This is an article that every high school or middle school teacher
should
read!

**Keywords:** Algebra, Arithmetic, Technology

**Ref: **Marit3

**Author(s): **Wade, William

** Date: **2006

**Title: ***"Sound off! A Dialogue Between Calculator and
Algebra" *

**Journal or Publisher: **Mathematics Teacher

**Volume, Issue, Pages: **Vol. 99, No 6, Feb 2006, 391-393

**Reviewer: **Marit

**Date of Review: **Feb. 17, 2006

The format of this article is more of a creative essay. William Wade wrote it as a dialog between a calculator and algebra, the two characters of the conversation. The dialog was great! The two discussed back and forth how to solve problems. The calculator was a bit cocky, and always thought that he could figure out the answer and work with big numbers and graphs much easier than algebra could, but somehow algebra always outsmarted calculator. In the end calculator suggests a problem that algebra can solve, but instead just works down to one simple calculation and then asks calculator to help. The bottom line is a bit obvious, that together they can work well, but it's a great message and one that I think we all need to be reminded of once in a while. I think any teacher could use this as an attention getter if his/her class is getting lazy and using the calculator too often and not thinking about problems anymore. You could also distribute the three parts to students in your class for a "math play", one to someone as calculator, someone as algebra and someone as the narrator. Or a teacher might use this as a fun little "story time" reading on the first day of school.

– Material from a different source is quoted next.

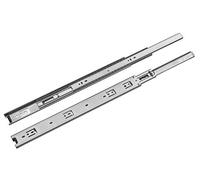 Guías Gamet® PK44-1 par de guías correderas a bolas para un cajón L: 350/400/450/500/550 mm/extracción total/carga máxima - 30 kg | L: 300 mm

**Keywords:** Manipulatives, Problem Solving, Teaching
Strategies

**Ref: **Marit4

**Author(s): **Freer Weiss, Dana

** Date: **2005

**Title: ***"Keeping it Real: The Rationale for using
Manipulatives in the Middle Grades" *

**Journal or Publisher: **Mathematics Teaching in the Middle School

**Volume, Issue, Pages: **Vol. 11, 5, pg. 238-42

**Reviewer: **Marit

**Date of Review: **February 26, 2006

Dana Freer Weiss began the article by discussing the different learning theories that have developed over the years. Essentially, she explained, right now psychologists and educational researchers alike agree that constructivism is the best way for students to learn. The author then described why manipulatives fit into that learning theory. As in constructivism, manipulatives, or learning tools, allow students to have a concrete experience, which is what they need to understand the material, the best. They are also another way for students to symbolize abstract ideas. Currently, it is rare to see manipulatives used in middle and high school classrooms. As Dana Freer Weiss writes, many teachers believe that students are just to old to be "playing". Still other teachers are unsure how to incorporate them into upper level math. But Freer Weiss is an advocate, and she gave many more reasons as to why teachers should use concrete examples for students of all ages. Read her article and find out why! If nothing else, she explains, manipulatives help appeal to students as diverse learners, and they may be a way for some students to discover math. The last bit of her article is particularly poignant for teachers who plan to start using learning tools, here she warns teachers of the possible fallbacks and of certain things they should be aware of. The article was a well-rounded experience. Dana Freer Weiss followed up on her own advice, by writing the article in a way that gave teachers concrete examples of how and why to use manipulatives.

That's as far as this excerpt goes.